No Sol não há sombras. Nesta manhã de inverno soalheira a luz entra no ar e expande. É impossível abrir as pálpebras como se a luminosidade transbordasse a partícula onde entrou e enchesse o olho de uma lágrima gorda que abarrota a pálpebra inferior quase a ponto de verter. Quanto tempo aguentas? 3, 2, 1… caiu. Uff que alívio.

 

 Luz-Própria

Tudo o que existe é a segunda exposição individual de Beatriz Brum na Galeria Fonseca Macedo e marca um retorno ao papel como suporte protagonista naquilo que poderia ser um exercício de cartografia da vida luminosa.

O conjunto de desenhos que a artista apresenta continuam o seu pensamento sobre a luz e os seus limites plásticos através de uma proposta que extrema as possibilidades da iluminação a uma luminosidade quase total, própria. Brum pontua o espaço com uma sensibilidade tão cirúrgica quanto intuitiva na idealização de uma paisagem anímica singular, fonte de energia disponível para nutrição colectiva.

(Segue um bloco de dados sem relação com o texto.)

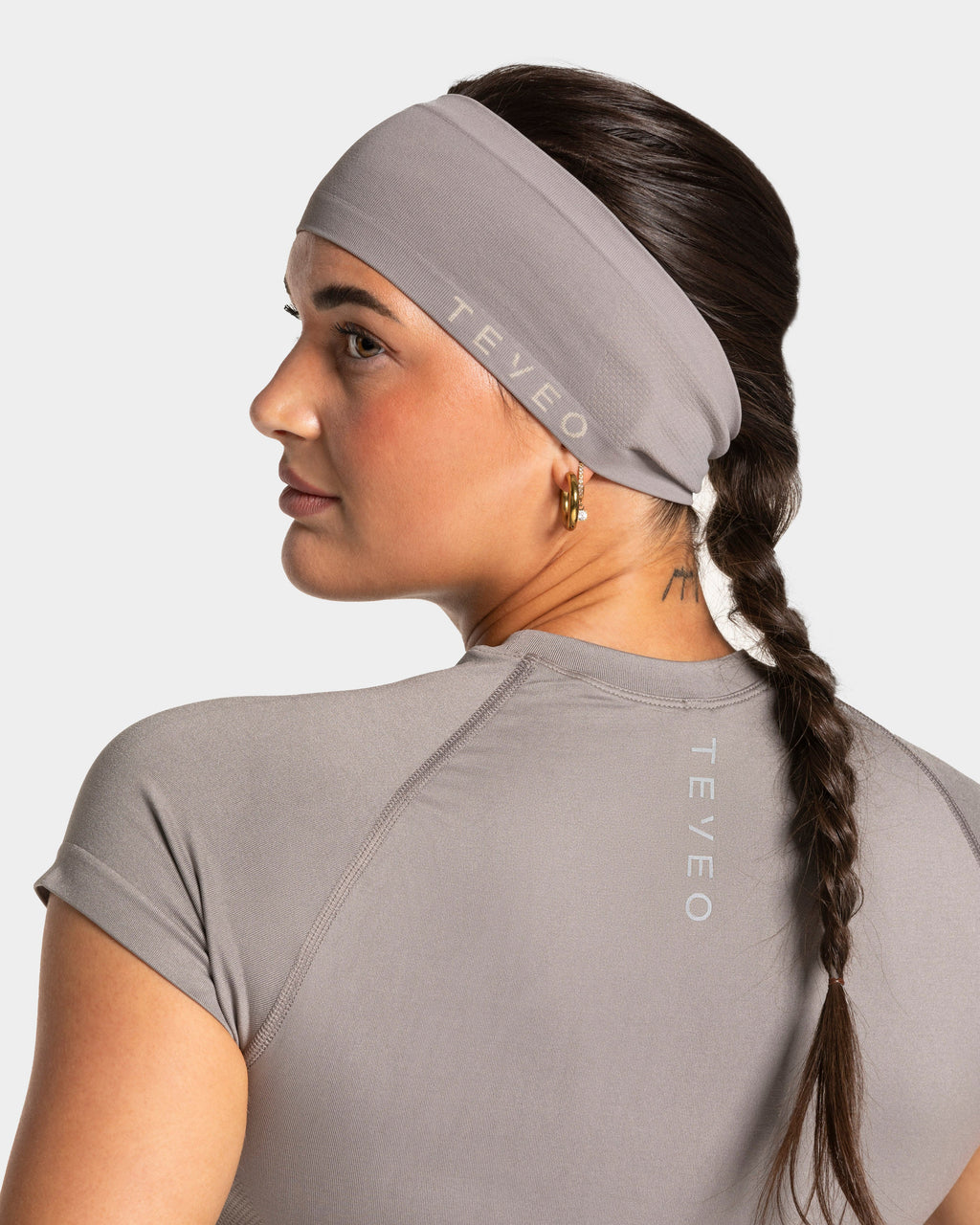 END Running Stirnband Unisex "Smoke"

Os desenhos pretos, em contraste com o branco e o glitter presente em toda a sala, provocam um desejo intenso pela claridade e a abertura máxima. Como a sombra, estas obras sustentam a energia de fé que desbloqueia o usufruto do horizonte aberto, ilimitado e intemporal elevado pelo desenho mural e os desenhos brancos emoldurados. A escolha do papel como suporte companheiro define uma estrutura de segurança necessária ao arrojo da direcção, evidenciando e sustentando o espírito audaz da exposição.

 

Filipa da Rocha Nunes

Janeiro de 2024

 

Por vontade expressa da autora este texto não segue as regras do Acordo Ortográfico de 1990, atualmente em vigor.